I have an MVC3 webapplication which runs as a DOMAIN\USER1 account. This user has SPN in AD set and is trusted for delegation.
I want this application to access sharepoint server on behalf of the caller and upload the file for her/him. I use the following code
Dim request = HttpWebRequest.Create(http://sharepoint.domain.com)
request.Method = WebRequestMethods.Http.Head
request.PreAuthenticate = True
Dim identity = New WindowsIdentity(callerName & "@domain.com")
Dim impContext = identity.Impersonate()
'###### At this point identity.ImpersonationLevel is `Impersonate` not `Delegate`
request.Credentials = CredentialCache.DefaultNetworkCredentials
'###### DefaultNetworkCredentials is empty (Username, domain and password are all empty strings)
Dim response As HttpWebResponse
Try
response = request.GetResponse()
Return JsonSuccess()
Catch ex As WebException
'###### I get 401 Unauthorized exception
Return JsonError(ex.Message)
Finally
impContext.Undo()
End Try
My question is.
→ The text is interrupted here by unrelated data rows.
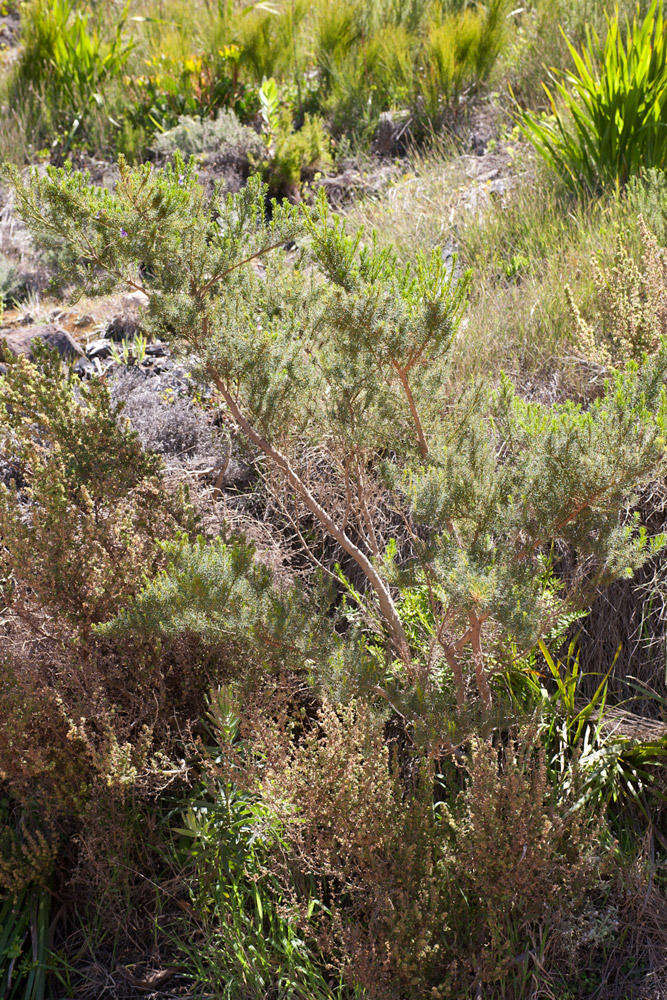 Image of Psoralea aculeata L.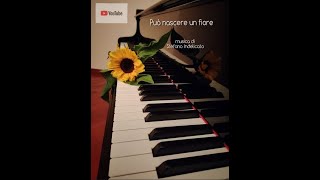 Stefano Indelicato Può nascere un fiore [upl. by Oinotnanauj]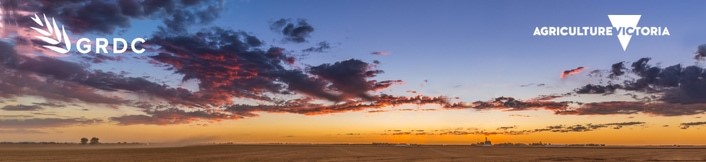View of field at sunset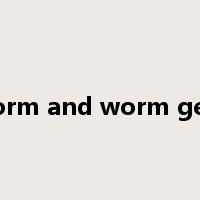 worm and worm gear是什么意思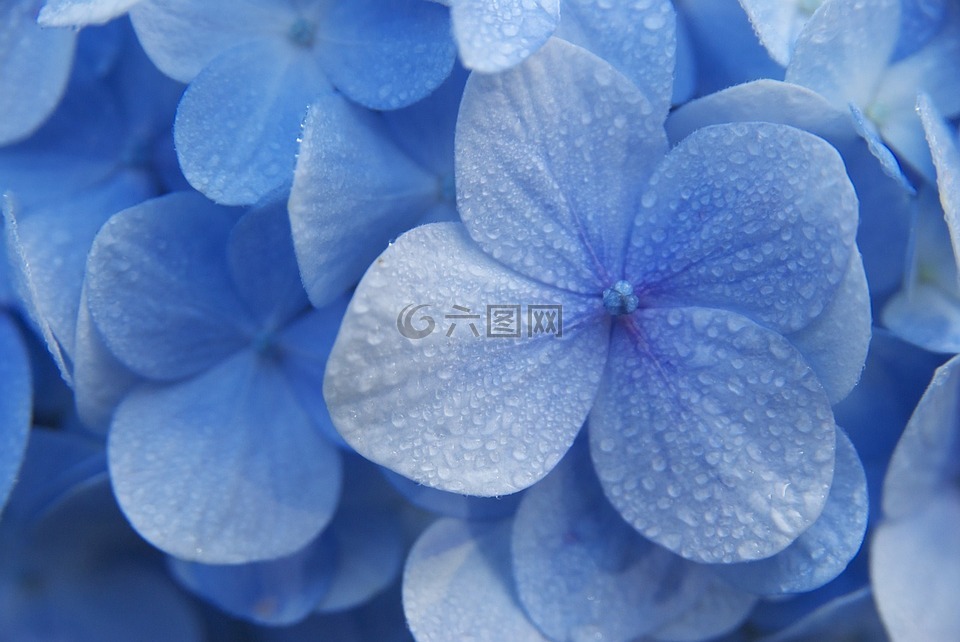 繡球花,花,藍色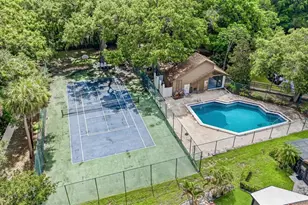 2009 Philippe Ct, Safety Harbor, FL 34695 - Photo 43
Should the impersonation level at this point be Impersonate or Delegate (Sharepoint runs on a different machine than IIS server)?
In AD I also configured protocol transition for the sharepoint and HTTP, so maybe Impersonate should change to Delegate after it makes the request? I have no idea, guidance will be appreciated.
Another question is - shouldn't CredentialCache.DefaultNetworkCredentials contain at least the username of the impersonated user?